Editor campaigns/Technical design

This document presents the technical design of the Editor campaigns project. The most significant development decision we've taken is to try to use domain-driven design. This approach is justified by the expectation that the domain will get more complex quickly. We've also created general facilities to encapsulate persistence.

As noted below, aspects of how this software will work beyond the first release are not fully scoped out.

Use cases and stories[edit]

Here's a use case diagram based on the user stories:

Some additional possible use cases and stories, most involving more advanced functionality, are:

Campaign organizers, participants and others want to study and compare campaigns using a variety of metrics. They might:
- Link data about campaigns to data from other sources, including Wikidata.
- Find campaigns by the Wikidata categories or Geotags of the articles they work on.
- Place a campaign's activities on a timeline together with events described in Wikidata. (For example: visualize edits by a project about the Ukraine alongside major events there.)
- Create automatic text analysis of articles and link it to campaigns to compare their results. (Campaign results could be compared in terms of content persistence or the types of discourse on related Talk or Flow pages, for example.)
- Describe campaign participant networks.

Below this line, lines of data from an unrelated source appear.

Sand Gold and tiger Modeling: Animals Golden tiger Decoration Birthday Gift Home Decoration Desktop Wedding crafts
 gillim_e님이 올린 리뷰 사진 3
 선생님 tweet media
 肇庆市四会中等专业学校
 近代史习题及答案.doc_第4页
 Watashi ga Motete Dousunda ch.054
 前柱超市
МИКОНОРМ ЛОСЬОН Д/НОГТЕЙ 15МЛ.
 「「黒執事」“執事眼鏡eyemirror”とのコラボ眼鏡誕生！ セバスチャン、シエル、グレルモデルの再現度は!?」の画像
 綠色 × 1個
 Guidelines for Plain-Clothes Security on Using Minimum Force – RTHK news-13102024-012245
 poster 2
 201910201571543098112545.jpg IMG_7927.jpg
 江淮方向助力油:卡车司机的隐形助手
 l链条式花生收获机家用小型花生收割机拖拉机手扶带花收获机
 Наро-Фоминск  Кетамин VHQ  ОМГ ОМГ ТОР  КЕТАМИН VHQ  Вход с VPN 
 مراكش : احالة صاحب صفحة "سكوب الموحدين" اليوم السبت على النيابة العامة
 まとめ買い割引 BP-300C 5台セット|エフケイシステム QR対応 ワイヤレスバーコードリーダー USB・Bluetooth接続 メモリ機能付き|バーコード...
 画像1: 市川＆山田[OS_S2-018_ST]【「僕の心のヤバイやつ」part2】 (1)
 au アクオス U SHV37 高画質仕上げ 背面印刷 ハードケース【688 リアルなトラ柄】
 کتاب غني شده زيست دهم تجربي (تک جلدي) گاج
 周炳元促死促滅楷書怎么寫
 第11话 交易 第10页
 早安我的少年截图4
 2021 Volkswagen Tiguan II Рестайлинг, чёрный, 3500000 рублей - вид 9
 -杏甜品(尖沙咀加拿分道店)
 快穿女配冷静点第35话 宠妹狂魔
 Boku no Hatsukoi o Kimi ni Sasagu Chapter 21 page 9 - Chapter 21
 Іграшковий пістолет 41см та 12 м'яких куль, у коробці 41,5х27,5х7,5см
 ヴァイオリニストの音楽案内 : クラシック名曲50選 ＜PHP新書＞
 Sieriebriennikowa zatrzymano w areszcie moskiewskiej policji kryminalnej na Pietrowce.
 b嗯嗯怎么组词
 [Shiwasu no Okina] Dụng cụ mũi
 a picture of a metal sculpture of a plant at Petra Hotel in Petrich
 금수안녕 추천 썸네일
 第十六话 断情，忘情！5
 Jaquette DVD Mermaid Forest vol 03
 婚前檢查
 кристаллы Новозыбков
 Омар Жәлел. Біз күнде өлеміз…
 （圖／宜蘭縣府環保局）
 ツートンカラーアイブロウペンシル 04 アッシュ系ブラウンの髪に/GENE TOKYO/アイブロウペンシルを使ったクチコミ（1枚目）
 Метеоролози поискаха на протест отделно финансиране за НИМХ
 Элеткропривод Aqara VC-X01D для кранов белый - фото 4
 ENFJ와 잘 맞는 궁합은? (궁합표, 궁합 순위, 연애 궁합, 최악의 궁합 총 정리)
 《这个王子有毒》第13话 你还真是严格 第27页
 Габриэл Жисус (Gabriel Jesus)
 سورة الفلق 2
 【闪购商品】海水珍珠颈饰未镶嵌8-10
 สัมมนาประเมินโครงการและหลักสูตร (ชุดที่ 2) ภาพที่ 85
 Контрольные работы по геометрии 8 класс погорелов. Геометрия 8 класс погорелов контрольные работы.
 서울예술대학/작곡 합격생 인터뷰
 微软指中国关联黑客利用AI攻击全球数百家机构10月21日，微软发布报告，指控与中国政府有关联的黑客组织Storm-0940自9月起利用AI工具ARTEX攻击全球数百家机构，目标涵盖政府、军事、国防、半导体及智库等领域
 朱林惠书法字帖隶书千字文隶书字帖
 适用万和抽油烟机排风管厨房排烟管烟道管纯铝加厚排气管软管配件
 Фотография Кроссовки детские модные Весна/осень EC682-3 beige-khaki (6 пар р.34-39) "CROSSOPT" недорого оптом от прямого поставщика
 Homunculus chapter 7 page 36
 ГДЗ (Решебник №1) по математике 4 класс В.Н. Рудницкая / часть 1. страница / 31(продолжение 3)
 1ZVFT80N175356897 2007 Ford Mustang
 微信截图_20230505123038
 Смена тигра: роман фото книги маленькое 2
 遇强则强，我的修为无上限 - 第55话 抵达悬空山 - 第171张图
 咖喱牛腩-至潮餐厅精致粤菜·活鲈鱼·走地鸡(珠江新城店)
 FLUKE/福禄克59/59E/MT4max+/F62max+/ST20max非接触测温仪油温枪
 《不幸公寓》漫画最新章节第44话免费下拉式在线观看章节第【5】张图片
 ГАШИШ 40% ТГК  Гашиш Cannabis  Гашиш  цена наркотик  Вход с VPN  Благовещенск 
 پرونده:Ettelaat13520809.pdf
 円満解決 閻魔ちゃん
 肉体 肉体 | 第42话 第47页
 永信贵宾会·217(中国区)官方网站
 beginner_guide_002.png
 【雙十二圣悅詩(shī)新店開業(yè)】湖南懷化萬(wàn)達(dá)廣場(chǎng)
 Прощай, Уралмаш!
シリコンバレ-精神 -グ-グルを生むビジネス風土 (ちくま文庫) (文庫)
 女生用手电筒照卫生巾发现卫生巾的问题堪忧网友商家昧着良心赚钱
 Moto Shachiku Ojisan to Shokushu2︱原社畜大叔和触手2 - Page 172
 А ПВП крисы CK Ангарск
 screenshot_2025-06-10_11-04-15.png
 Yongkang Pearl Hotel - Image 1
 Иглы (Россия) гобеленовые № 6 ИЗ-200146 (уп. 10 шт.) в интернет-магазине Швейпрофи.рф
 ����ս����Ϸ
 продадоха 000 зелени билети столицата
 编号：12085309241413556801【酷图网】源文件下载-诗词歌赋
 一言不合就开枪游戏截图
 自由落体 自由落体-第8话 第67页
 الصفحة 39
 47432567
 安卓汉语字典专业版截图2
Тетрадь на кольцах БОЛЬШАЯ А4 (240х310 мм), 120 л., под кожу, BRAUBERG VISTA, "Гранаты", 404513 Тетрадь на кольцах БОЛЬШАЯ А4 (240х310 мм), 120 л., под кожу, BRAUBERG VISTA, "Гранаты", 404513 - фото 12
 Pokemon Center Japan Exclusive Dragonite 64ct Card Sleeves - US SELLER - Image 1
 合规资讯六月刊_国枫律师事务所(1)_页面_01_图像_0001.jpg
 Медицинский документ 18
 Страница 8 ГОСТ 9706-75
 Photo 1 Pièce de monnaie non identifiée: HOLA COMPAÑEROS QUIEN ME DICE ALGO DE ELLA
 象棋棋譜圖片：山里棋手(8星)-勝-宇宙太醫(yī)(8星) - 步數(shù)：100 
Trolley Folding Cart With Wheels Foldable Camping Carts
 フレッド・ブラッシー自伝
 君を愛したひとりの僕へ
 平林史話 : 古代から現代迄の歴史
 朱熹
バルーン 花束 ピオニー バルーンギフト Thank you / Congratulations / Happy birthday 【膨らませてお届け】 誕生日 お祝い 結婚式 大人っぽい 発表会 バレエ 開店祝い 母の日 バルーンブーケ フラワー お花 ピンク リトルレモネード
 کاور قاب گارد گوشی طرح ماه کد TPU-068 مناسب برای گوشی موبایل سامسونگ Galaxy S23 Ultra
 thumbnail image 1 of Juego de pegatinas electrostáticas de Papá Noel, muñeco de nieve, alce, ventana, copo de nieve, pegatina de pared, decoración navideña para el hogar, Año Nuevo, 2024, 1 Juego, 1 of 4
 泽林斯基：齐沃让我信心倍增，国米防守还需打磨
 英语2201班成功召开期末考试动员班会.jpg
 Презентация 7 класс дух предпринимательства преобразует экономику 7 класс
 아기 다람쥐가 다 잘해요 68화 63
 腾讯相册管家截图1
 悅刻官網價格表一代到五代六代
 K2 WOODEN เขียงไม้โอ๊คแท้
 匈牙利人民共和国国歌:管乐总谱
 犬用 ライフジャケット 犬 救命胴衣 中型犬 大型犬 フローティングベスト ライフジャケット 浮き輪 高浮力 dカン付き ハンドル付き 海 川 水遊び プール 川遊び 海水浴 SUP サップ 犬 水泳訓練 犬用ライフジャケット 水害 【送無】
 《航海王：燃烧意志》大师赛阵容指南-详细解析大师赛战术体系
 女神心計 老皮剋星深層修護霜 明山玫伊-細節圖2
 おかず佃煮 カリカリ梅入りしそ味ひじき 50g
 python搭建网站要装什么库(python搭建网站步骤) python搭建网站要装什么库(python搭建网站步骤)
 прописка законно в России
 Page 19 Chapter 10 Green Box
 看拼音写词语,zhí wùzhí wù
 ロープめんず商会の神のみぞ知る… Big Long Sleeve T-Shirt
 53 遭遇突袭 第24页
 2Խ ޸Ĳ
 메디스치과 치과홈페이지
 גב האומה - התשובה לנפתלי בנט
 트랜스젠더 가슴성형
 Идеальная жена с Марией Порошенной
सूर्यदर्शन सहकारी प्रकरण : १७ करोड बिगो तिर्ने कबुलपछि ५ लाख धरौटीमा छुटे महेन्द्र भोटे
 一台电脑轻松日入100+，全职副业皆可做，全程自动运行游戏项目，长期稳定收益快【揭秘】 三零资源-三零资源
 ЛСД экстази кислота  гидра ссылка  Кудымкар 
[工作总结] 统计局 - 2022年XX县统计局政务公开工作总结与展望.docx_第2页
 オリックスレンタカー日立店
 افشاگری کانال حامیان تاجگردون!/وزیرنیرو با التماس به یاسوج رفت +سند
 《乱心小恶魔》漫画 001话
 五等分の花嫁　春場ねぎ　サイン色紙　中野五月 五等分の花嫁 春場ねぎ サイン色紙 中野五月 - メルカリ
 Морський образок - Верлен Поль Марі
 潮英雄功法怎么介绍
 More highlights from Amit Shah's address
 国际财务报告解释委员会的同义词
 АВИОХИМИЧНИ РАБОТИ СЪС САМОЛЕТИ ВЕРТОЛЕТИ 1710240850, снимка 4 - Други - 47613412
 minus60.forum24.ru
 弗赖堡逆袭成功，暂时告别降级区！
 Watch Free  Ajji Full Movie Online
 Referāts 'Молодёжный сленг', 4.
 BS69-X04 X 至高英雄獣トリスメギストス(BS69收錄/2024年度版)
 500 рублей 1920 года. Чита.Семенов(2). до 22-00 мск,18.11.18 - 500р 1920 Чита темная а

See, for example, this study of Twitter networks.
Campaign organizers and participants want to organize their work in steps (i.e., as workflows) according to the requirements of a specific campaign or type of campaign, and link those workflows to UI elements.
Campaign organizers and participants want a variety UXs and data points for different types of campaign.
Users want flexible, productive, fun and easy-to-use tools for working and hanging out on Wikipedia in groups.

Architecture[edit]

Persistence: This layer is the only link between domain objects and a persistence store (i.e., a database, at least initially). It uses the store to persist, find and instantiate domain objects, following the data mapper pattern. This is the only layer that directly interacts with Mediawiki′s database classes. It doesn′t depend on anything Campaigns-specific, and could be included in Mediawiki core; see the related RFC (todo: add link).
Domain: This layer expresses core Editor Campaigns domain logic and provides a narrow interface for simple operations on campaigns and user participations. It depends only on the persistence layer. See below for more details.
Services (tentative): We may find there are typical Campaigns actions that are more complex than the actions available via the domain layer and that involve additional Mediawiki components (like logging and page revisions). Such actions could be encapsulated in this layer, which would depend on the Campaigns domain layer and whatever Mediawiki components are involved. It seems likely that services would be created mainly for modifying Campaigns entities (in the spirit of CQRS).
UI (mostly tentative) and Web API: Details of the UI and its internal structure remain to be worked out. So far, we've implemented a read-only Web API and opt-out controls on the Create account page. The UI and the Web API may depend on the domain and services layers. See below for more.
Components that build on Campaigns: Campaigns provides core functionality for using Mediawiki in groups. Further specialization for specific use cases (Education Program courses, projects, edit-a-thons, etc.) should be built in other components (i.e., other extensions), which may depend on the Campaigns domain and services layers and, if they add data points, the generic persistence layer. It is unclear whether any sharing of UI functionality will be appropriate.; Other functionality that′s related to Campaigns but is not part of its core mission could also go in other components. Examples of such functionality are workflow management and activity feeds. Those components could have hard or soft dependencies on Campaigns.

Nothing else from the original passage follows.